Our first tandem bicycle adventure took us from Dungeness, Washington, to Dungeness, Washington the long way around America, 14,000 miles of life altering discovery. This manuscript was represented by the Claudia Menza Agency to New York publishers. It received several positive reviews from editors, but no takers. Enjoy.
Copyright 2009(c) by Bob Rogers.
Clang. Clang. Clang. Three in the morning. It’s Claire’s mother, DeLee calling us from her hospital bed downstairs. We gave her a stainless steel bowl and wooden spoon to summon us with. It works. My turn.

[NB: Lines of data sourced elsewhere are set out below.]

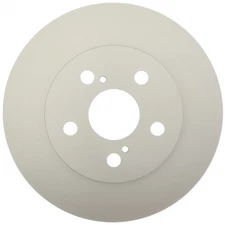 RAYBESTOS Disc Brake Rotor 982071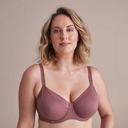 Target Woman Milly Minimiser Bra; Style TLMIN070 | Pink | 16E | Size 16E
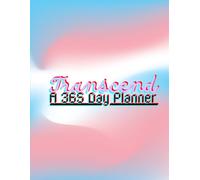 TRANSCEND: A Self-Care & Productivity Planner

The nightlight casts a pool of light on the table beside her, where the morphine suppositories and rubber gloves are. She’s in pain, has been for awhile. DeLee, don’t do this, I say. Wake us, I say. You know it takes some time for the morphine to work. I put on the glove, tear open the foil packet containing the morphine suppository. Bang on the bowl, I say, before it hurts so bad, I say. Clang. Clang. Clang, I say. I’m lecturing her. She gives me one of her looks: Don’t forget who you are, not-even-son-in-law-yet. I smile. She smiles. We tease each other. I am going to miss her.
I’m done. She should feel relief soon, and sleep. While I’m at it, I check the catheter, and bedclothes. Everything’s okay. I’m getting good at this, all of us are; Claire and me, and DeLee. It can’t be easy to let others take care of all your personal needs for you. At least we are not strangers, changing shifts, new faces. We are all in the middle of this together. There is little thought of dignity lost, or dread for certain tasks. There is only relief to be given, received; the exchange of love.

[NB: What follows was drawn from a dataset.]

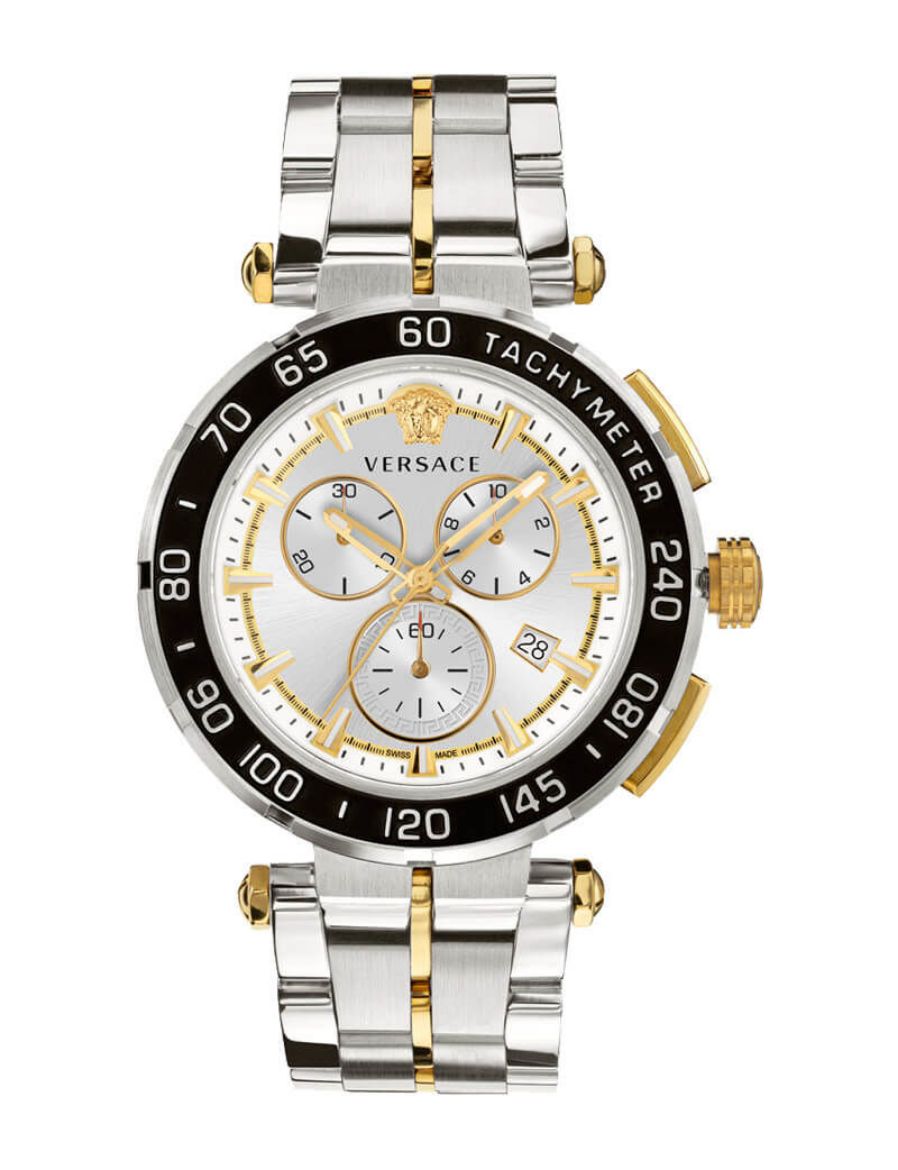 Versace Greca Chrono VRSCVEPM00520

Comfortable, I ask? She doesn’t answer, but looks out the window at the Strait and Dungeness Lighthouse. She loves the regular flashing of the light. I catch her watching it often, it’s small silver flash in daylight, and as it sweeps through the darkened room at night. Every four seconds. Counting. She is counting along with it. How much time left? How much life?
Upstairs her only daughter, and best friend, sleeps in my bed. DeLee knows she probably won’t live until our wedding less than six months away. She hopes to make early May, and her 60th birthday. A goal.

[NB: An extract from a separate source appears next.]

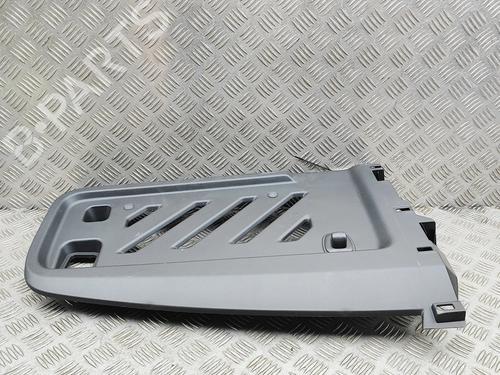 Used Left sun visor Left sun visor 39472833 39472833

A few months before, we had found her at her home, slumped in a chair, her breathing shallow, raspy. She was to weak to light a cigarette, didn’t seem want one; that told us she was very ill. She could have died then, if we hadn’t wondered at her voice on the telephone and went to check.
We helped her to the car and rushed to the hospital. A tense night in the emergency room, papers to sign about use of life support, worried doctors, tears of self recrimination: How could we not have known? How could we not have seen how far she was slipping?
A 40 year cigarette habit had made her very good at denial, and very good at suppressing the concern of her family. Nicotine was her drug of choice and it ruled us all. The year before, Claire convinced her to have a check-up. She came home and said she was fine, just, “a little emphysema.” She would try again to quit. A little emphysema. Her nose was a net of blue veins and she became winded walking across the room. She didn’t want to come to my house for dinner; stairs to climb, and the indignity of having to smoke on the deck. A trip to the grocery with Claire was an exertion almost beyond her.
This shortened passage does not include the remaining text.